→ TASK DIRECTIONS
Give back an exact copy of the lines in the records below, from the line that has "Law enforcement officers" through the line that has "Anne, baba ve", and nothing besides.

========================================================================

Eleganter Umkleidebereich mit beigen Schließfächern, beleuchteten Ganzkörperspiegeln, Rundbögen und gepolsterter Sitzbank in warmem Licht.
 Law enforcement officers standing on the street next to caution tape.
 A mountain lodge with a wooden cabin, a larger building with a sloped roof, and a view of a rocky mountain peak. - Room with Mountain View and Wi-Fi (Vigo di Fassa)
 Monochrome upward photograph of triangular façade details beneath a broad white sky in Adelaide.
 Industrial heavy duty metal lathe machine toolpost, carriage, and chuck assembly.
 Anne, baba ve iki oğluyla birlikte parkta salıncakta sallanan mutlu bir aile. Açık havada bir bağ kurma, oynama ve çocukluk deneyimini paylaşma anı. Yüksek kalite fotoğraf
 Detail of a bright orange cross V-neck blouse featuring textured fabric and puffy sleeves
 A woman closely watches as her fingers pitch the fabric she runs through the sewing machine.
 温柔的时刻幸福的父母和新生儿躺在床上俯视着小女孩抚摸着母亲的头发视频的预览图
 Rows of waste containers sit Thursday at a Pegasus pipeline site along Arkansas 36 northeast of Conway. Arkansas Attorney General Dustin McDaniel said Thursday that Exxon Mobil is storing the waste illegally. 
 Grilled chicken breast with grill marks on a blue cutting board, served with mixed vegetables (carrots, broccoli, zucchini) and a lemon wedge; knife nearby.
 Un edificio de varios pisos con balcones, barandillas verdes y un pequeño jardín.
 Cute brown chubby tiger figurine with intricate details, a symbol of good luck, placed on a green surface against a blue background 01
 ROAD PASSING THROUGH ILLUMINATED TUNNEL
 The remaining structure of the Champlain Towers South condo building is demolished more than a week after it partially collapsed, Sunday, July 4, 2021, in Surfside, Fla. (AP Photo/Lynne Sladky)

========================================================================

→ REPLY
 Law enforcement officers standing on the street next to caution tape.
 A mountain lodge with a wooden cabin, a larger building with a sloped roof, and a view of a rocky mountain peak. - Room with Mountain View and Wi-Fi (Vigo di Fassa)
 Monochrome upward photograph of triangular façade details beneath a broad white sky in Adelaide.
 Industrial heavy duty metal lathe machine toolpost, carriage, and chuck assembly.
 Anne, baba ve iki oğluyla birlikte parkta salıncakta sallanan mutlu bir aile. Açık havada bir bağ kurma, oynama ve çocukluk deneyimini paylaşma anı. Yüksek kalite fotoğraf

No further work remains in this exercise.